(Assigned task)
Return the lines of the material below exactly, beginning with the line that has "Snapshot of Somiya87" in it and finishing with the line that has "Single Use Plastic" in it. Leave all pictures aside.

(Provided information)
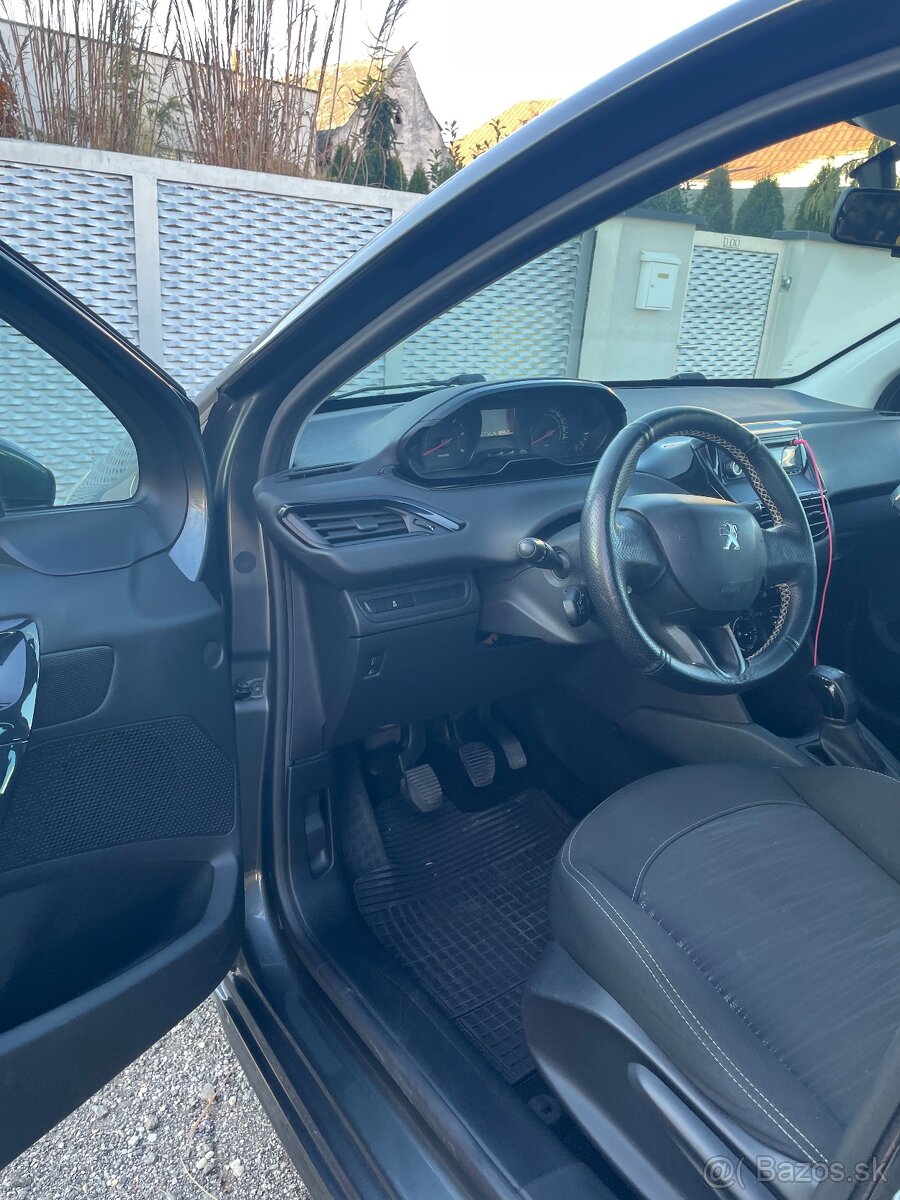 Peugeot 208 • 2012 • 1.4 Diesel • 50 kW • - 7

--

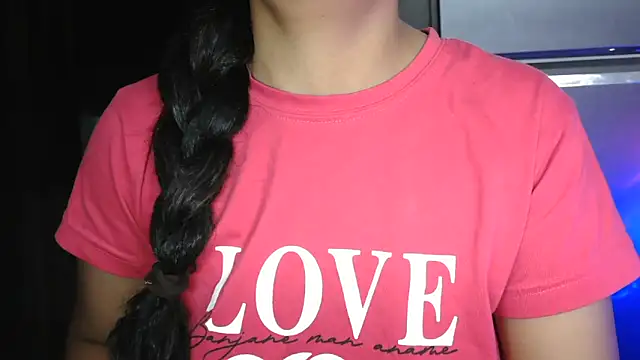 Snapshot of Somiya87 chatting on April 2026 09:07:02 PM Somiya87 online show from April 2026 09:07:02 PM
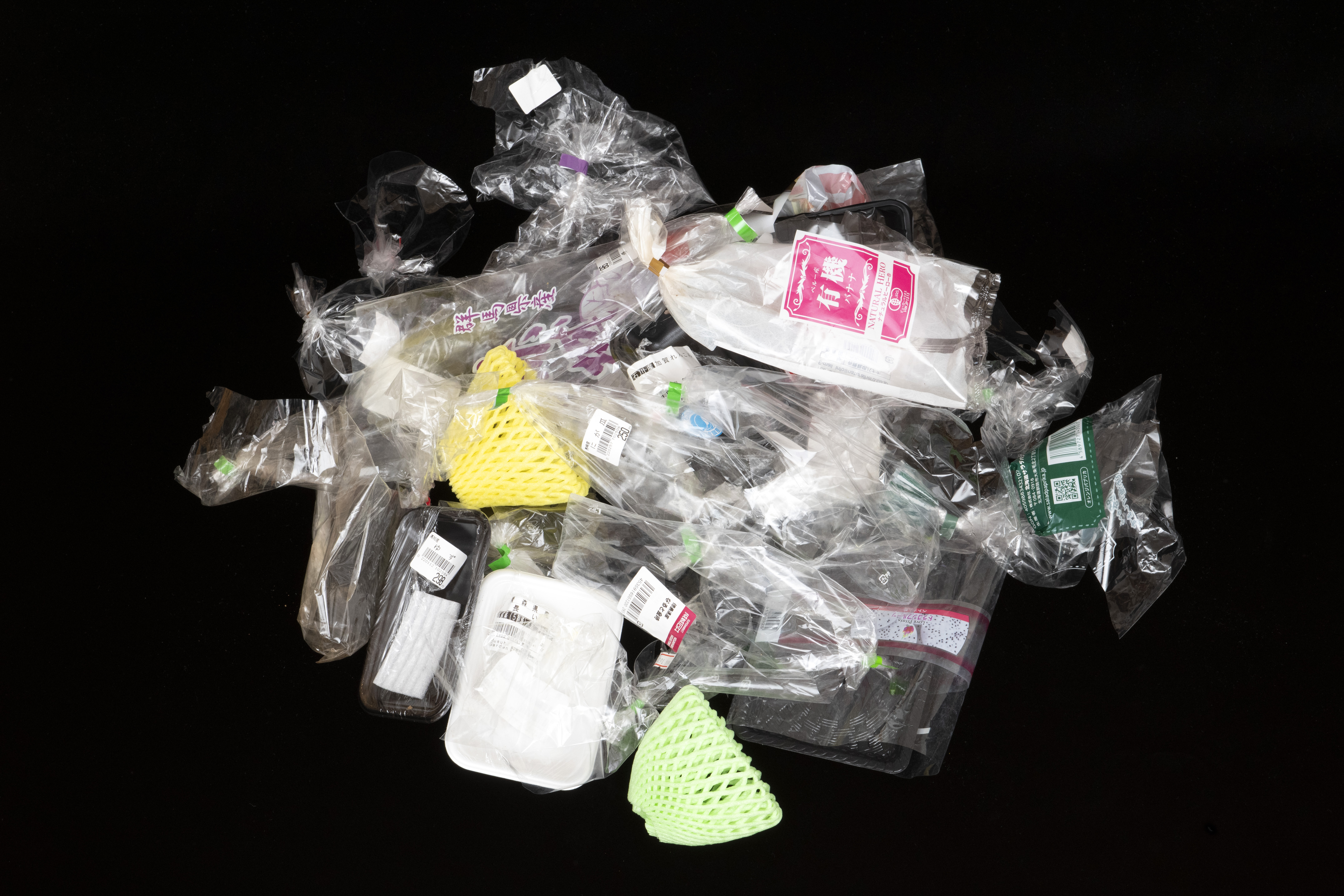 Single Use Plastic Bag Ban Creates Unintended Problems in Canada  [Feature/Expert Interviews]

(Answer to this problem)
 Snapshot of Somiya87 chatting on April 2026 09:07:02 PM Somiya87 online show from April 2026 09:07:02 PM
 Single Use Plastic Bag Ban Creates Unintended Problems in Canada  [Feature/Expert Interviews]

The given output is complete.